Finalement, c’est son médecin qui s’occupe de l’accouchement. Et, comme souvent, l’événement le plus massif du monde finit par prendre la forme d’un détail précis : une heure exacte. Un chiffre qui cloue la journée à jamais.

Quelques moments après la naissance, on me met Dominique dans les bras.

Et là, ça revient — le même choc doux que dix ans plus tôt, quand j’avais tenu Alain pour la première fois : cette émotion primitive, impossible à négocier, d’une vie qui commence. Je pleure. Pas par fatigue. Pas par nervosité. Parce que c’est trop grand pour rester au-dedans.

Après, Christine reste environ trois jours à l’hôpital. Pas par romantisme médical : par protocole. Et elle veut partir. Zéro confort. Elle veut rentrer, dormir, être chez elle. Le corps a travaillé; maintenant il veut du silence et un lit connu. 

Je me mélange parfois dans mes souvenirs : je crois me rappeler d’un repas sur Saint-Denis, d’un moment où je suis allé manger “une bouchée”. Peut-être après. Probablement après. Le genre de détail qui flotte à côté de l’essentiel.

Ce qui ne flotte pas, c’est la sortie.

Ce n’est pas un cortège. Pas une scène. Christine sort avec moi, et Dominique.

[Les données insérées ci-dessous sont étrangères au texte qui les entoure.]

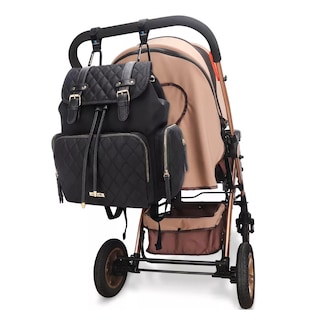 Foto 4 | Pañalera Mochila Moderna Impermeable Bolsa Negro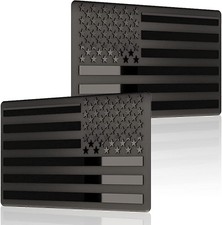 2 Pack 3d Metal American Flag Emblem Sticker Decal For Cars Trucks Vehicle 2 Pack 3d Metal American Flag Emblem Sticker Decal For Cars Trucks Vehicle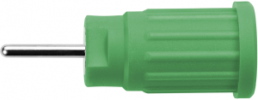 4 mm socket, round plug connection, mounting Ø 12.2 mm, CAT III, green, SEPB 6449 NI / GN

On rentre à la maison avec ce nouveau poids fragile, ce siège d’auto qu’on installe trop soigneusement, comme si l’excès de précaution pouvait tenir lieu de compétence.

Le 21 mai 1997, Dominique est né à 11 h 42. Et ce même jour, à Sainte-Justine, Corinne est née aussi — comme si deux chemins, déjà proches dans nos vies, s’étaient recoupés exactement au point de départ.